• **Work task**: The data below is to be transcribed word for word; pictures are to be excluded.

Records for processing: Begin

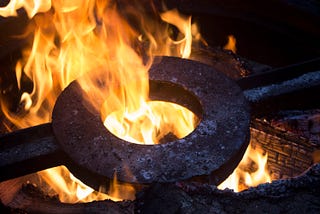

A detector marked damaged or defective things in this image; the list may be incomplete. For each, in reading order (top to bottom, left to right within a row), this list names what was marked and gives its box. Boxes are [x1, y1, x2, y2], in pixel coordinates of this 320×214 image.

rusty metal surface [52, 56, 251, 185]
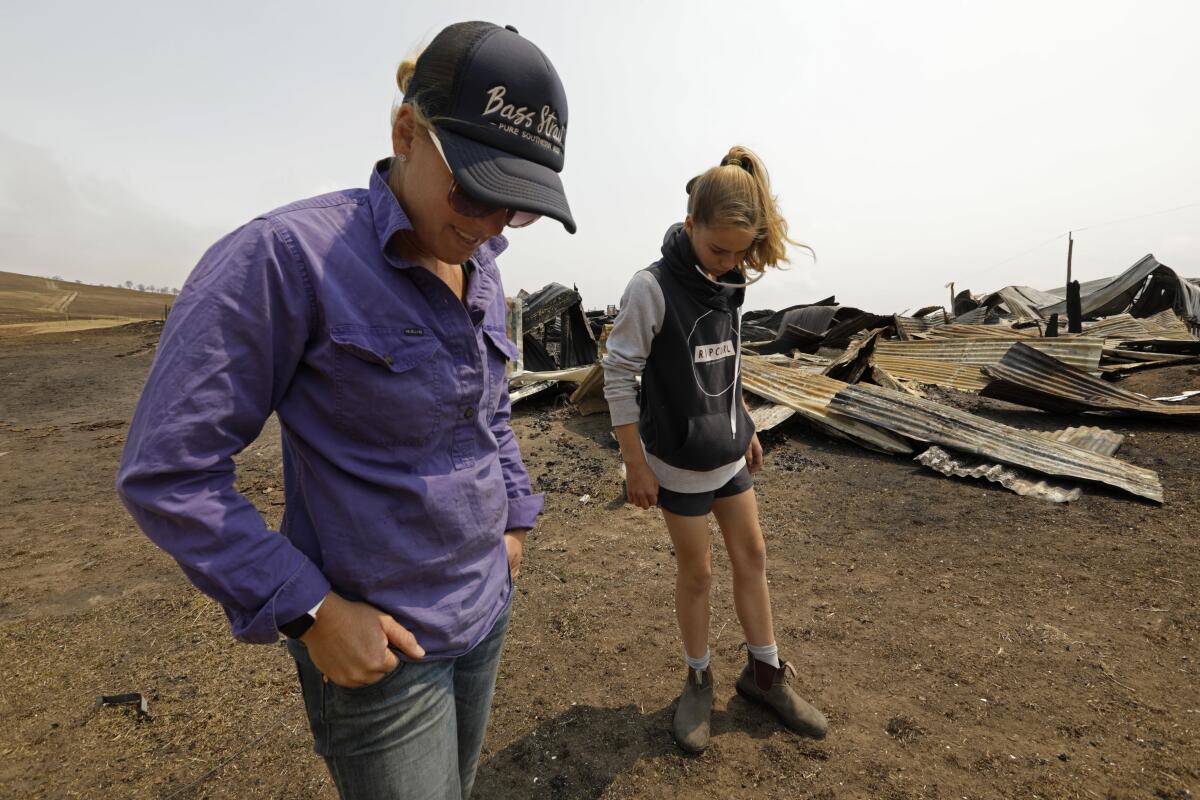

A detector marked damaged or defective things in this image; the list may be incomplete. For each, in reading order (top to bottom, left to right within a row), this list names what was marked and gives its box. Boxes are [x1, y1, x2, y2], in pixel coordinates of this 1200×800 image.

burnt corrugated metal sheet [739, 357, 907, 453]
burnt corrugated metal sheet [868, 357, 988, 393]
burnt corrugated metal sheet [868, 340, 1099, 374]
burnt corrugated metal sheet [825, 381, 1161, 501]
burnt corrugated metal sheet [979, 343, 1200, 419]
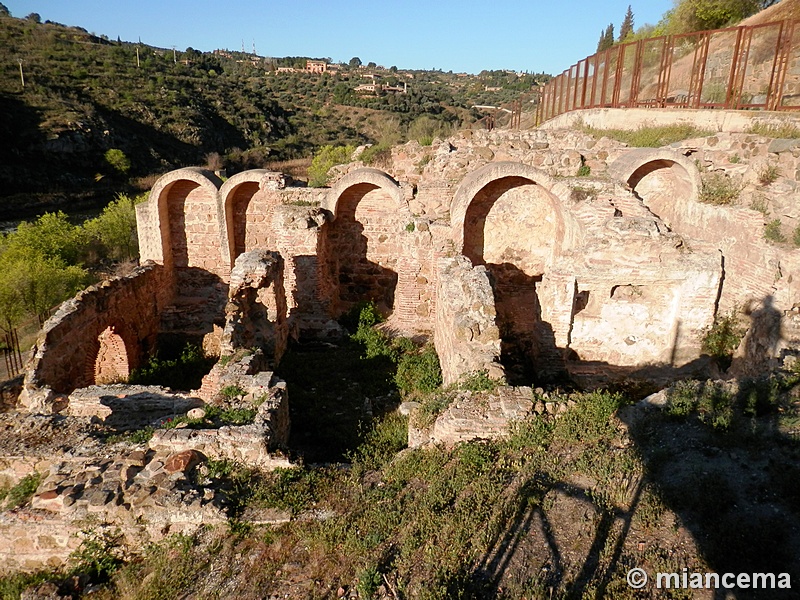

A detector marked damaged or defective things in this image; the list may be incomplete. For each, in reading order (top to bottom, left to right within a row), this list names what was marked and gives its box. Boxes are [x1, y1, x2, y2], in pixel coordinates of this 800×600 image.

rusty metal railing [536, 18, 800, 124]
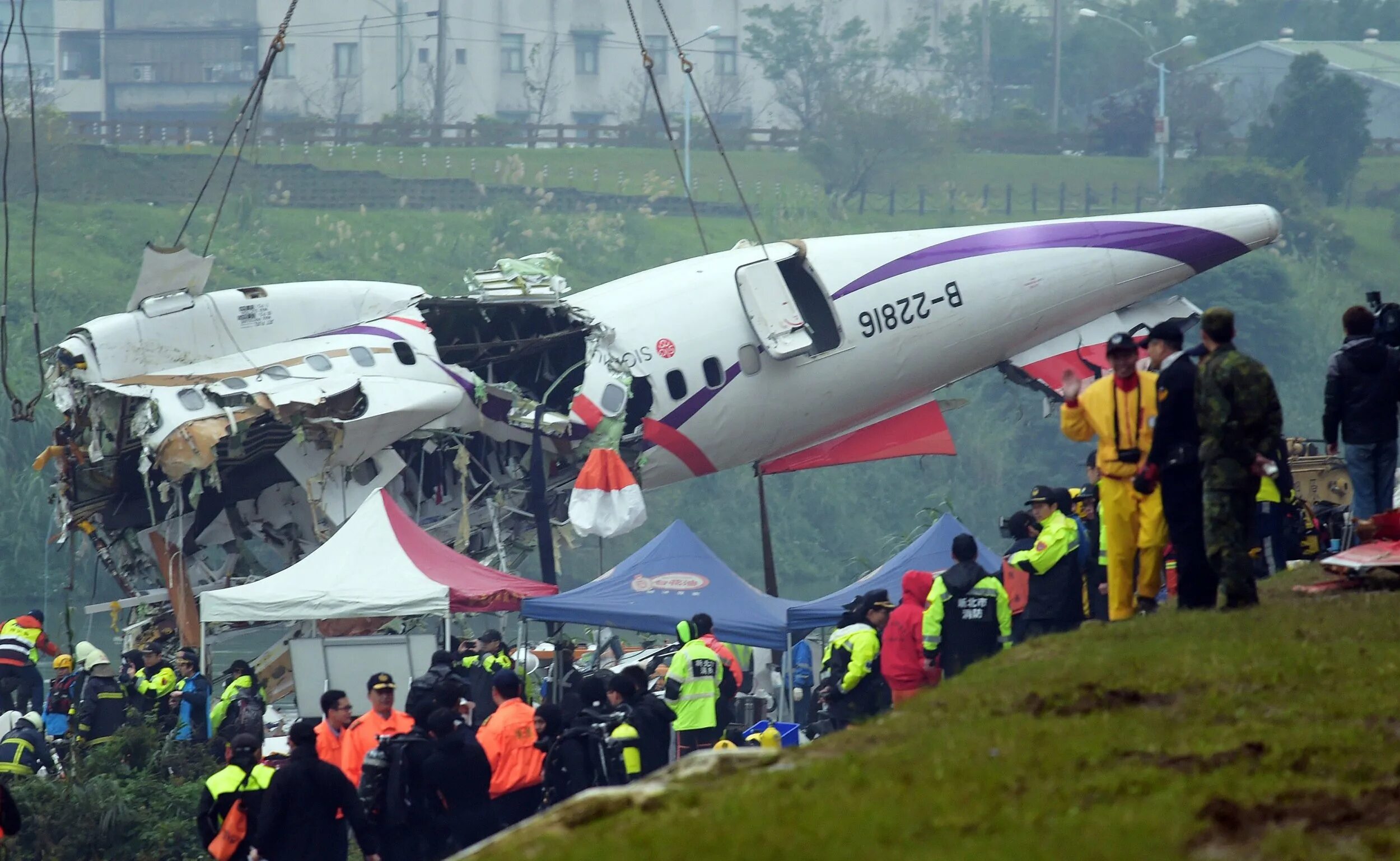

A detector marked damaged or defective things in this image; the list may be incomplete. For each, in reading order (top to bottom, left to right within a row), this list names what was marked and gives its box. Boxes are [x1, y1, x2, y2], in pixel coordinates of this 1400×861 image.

crashed airplane [35, 205, 1281, 641]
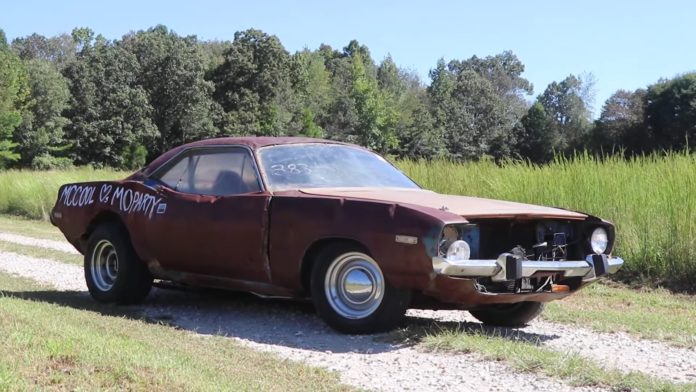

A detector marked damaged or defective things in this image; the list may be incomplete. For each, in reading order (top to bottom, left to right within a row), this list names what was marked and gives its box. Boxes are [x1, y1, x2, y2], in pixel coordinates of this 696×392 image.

Records for processing: End

• **Answer box**:
A detector marked damaged or defective things in this image; the list may be incomplete. For each, in reading order (top to bottom, left to right within a row), this list names what was marked and gives its box. Boxes are [x1, y1, x2, y2], in pixel coordinates of this 320×214 image.

rusty metal surface [52, 56, 251, 185]

A detector marked damaged or defective things in this image; the list may be incomplete. For each, in reading order (top to bottom, left to right within a row), this list names what was marked and gives its box. Boxes are [x1, y1, x2, y2], in pixel coordinates of this 1200×800 image.

burnt corrugated metal sheet [739, 357, 907, 453]
burnt corrugated metal sheet [868, 357, 988, 393]
burnt corrugated metal sheet [868, 340, 1099, 374]
burnt corrugated metal sheet [825, 381, 1161, 501]
burnt corrugated metal sheet [979, 343, 1200, 419]

A detector marked damaged or defective things in this image; the list may be incomplete. For each, in reading order (top to bottom, left to right within a row), this list names what was marked and gives its box. Boxes are [x1, y1, x2, y2], in pixel coordinates of this 800×600 image.

rusty metal railing [536, 18, 800, 124]

A detector marked damaged or defective things in this image; the list may be incomplete. For each, in reading order (top to bottom, left to right within a row), this list names what was marked and gives its box. Boxes are [x1, y1, x2, y2], in pixel coordinates of this 1400×861 image.

crashed airplane [35, 205, 1281, 641]

A detector marked damaged or defective things in this image; the list may be incomplete. For each, in reading order (top to bottom, left to right within a row), this list names what was marked and gives its box. Boxes are [x1, y1, x2, y2], in pixel coordinates of this 696×392 image.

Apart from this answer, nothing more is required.